Florida appears to have unearthed a gem in James Houston, but he’s going to have to wait his turn. Because with the return of David Reese, this unit has been absolutely fantastic. Reese and VoSean Joseph have each been one man wrecking crews on Todd Grantham’s two linebacker, 3-4 defense. And Chauncey Gardner-Johnson, once much maligned for his inability to tackle, has thrived in his new hybrid STAR role. Again, the ugly Kentucky game has dinged this unit’s grade a bit because that game happened and can’t be ignored, but since then, the middle level of the Gator defense has thrived.

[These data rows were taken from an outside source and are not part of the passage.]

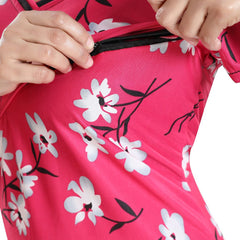 Be You Printed Satin Maternity Feeding Maxi Nightdress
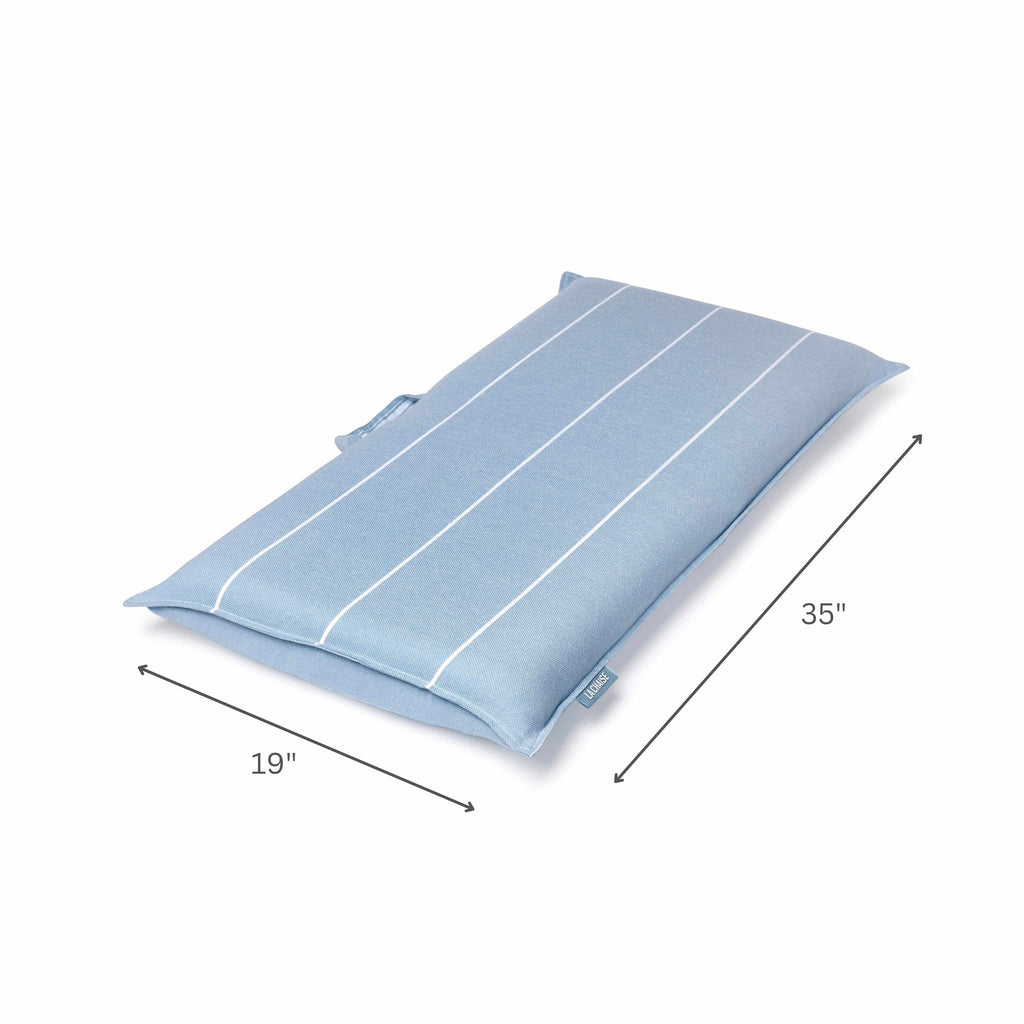 Foldable blue beach chair with dimensions labeled 35 inches by 19 inches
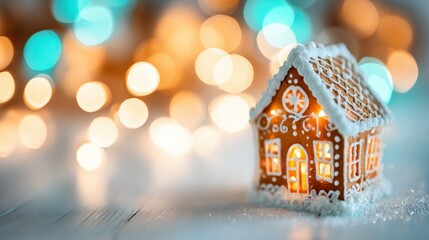 Naklejka premium Gingerbread house decorated for festive season with warm, glowing lights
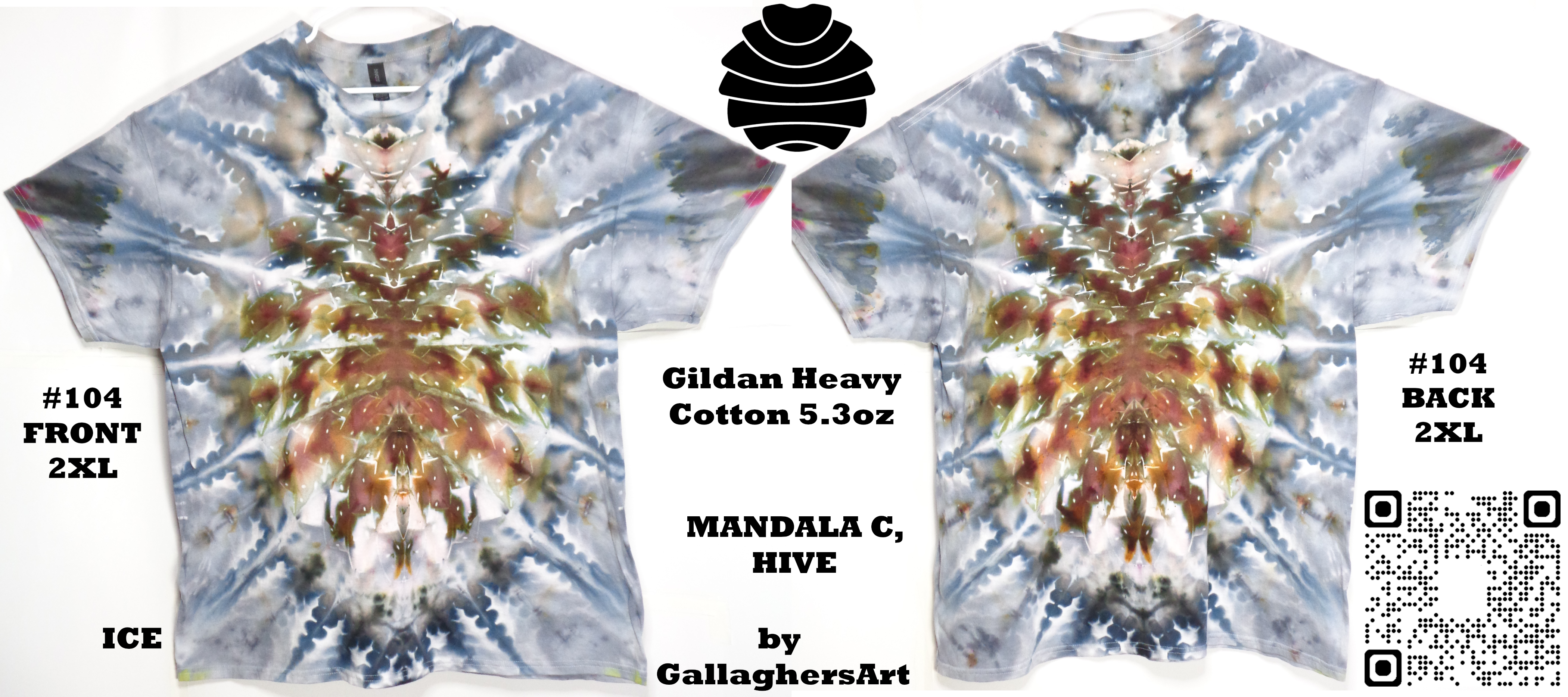Gallaghersart 104 ga from Tie Dyenied #104 2XL Mandala with Hive, Gildan Heavy Cotton 5.3oz  - #104 2XL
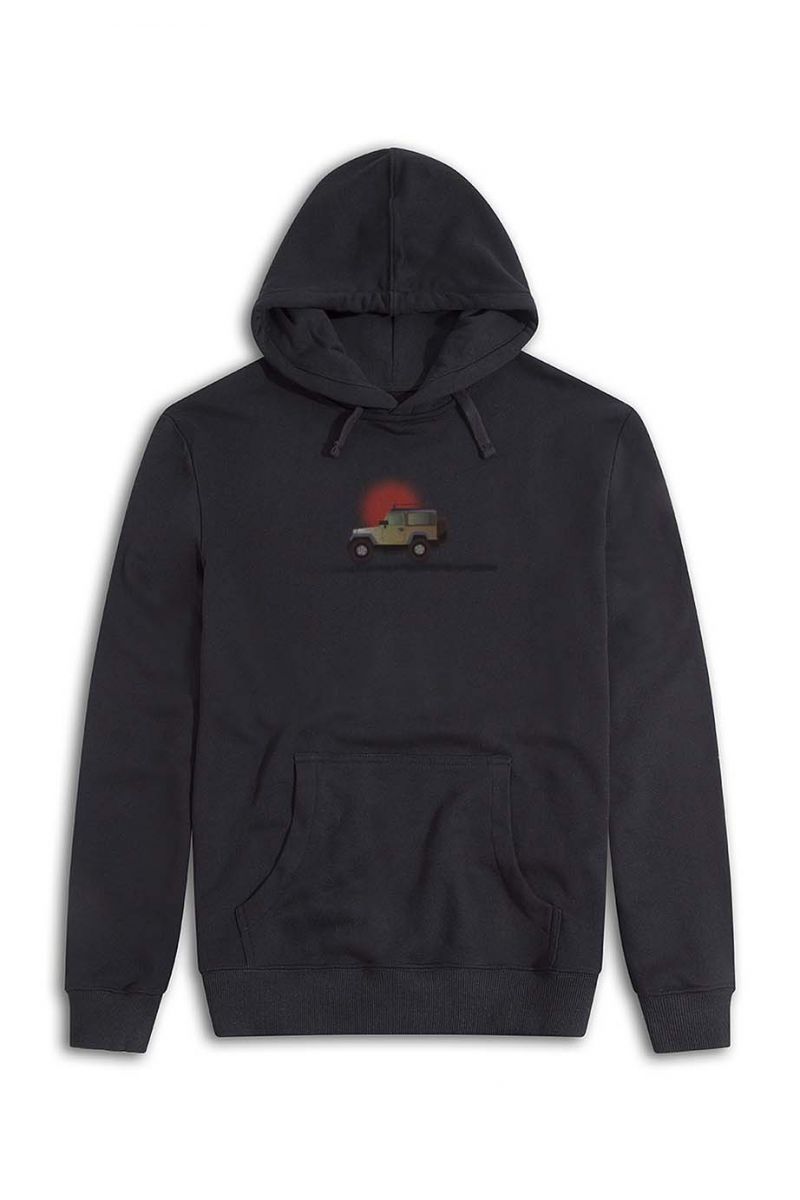 Black Premium Cotton Discovery Design Pullover Hoodie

Raise your hand if, right after the injury to Marco Wilson, you thought Florida would be even better off at CB than it was last year. CJ Henderson might be the best cover corner in America, and though young, true freshman Trey Dean III has grown tremendously since week one. These guys have seldom been beat in man coverage, and if Dean can tone down the aggression to the point where he doesn’t get flagged for silly interference penalties, a freshman All-America selection is a real possibility. Just wait until next year, when Marco is healthy…
The safety position has been a mixed bag. The last line of the defense’s defense has been responsible for some critical plays, such as Donovan Stiner’s game ending sack of Nick Fitzgerald and Brad Stewart’s pick six against LSU. And sometimes those “plays” are good for the other team, like losing Lynn Bowden for a 54 yard touchdown on third and fifteen and getting caught out of position while Nick Brossette roasted the defense on a 47 yard run. The sum of the effort from the safeties has been well above average. Now for consistency…
Special teams: A+
There’s not really much for Florida to improve on in the area typically listed third in the hierarchy of “offense, defense and special teams.” Officials be damned; freshman kicker Evan McPherson has not actually missed a field goal on twelve attempts. And while it’s too early to proclaim Tommy Townsend to be as good as his brother, he’s made that categorization look accurate so far. To boot, the Gators have finally returned the emphasis to scoring on special teams, both on blocked returned and on normal returns, doing so twice thus far.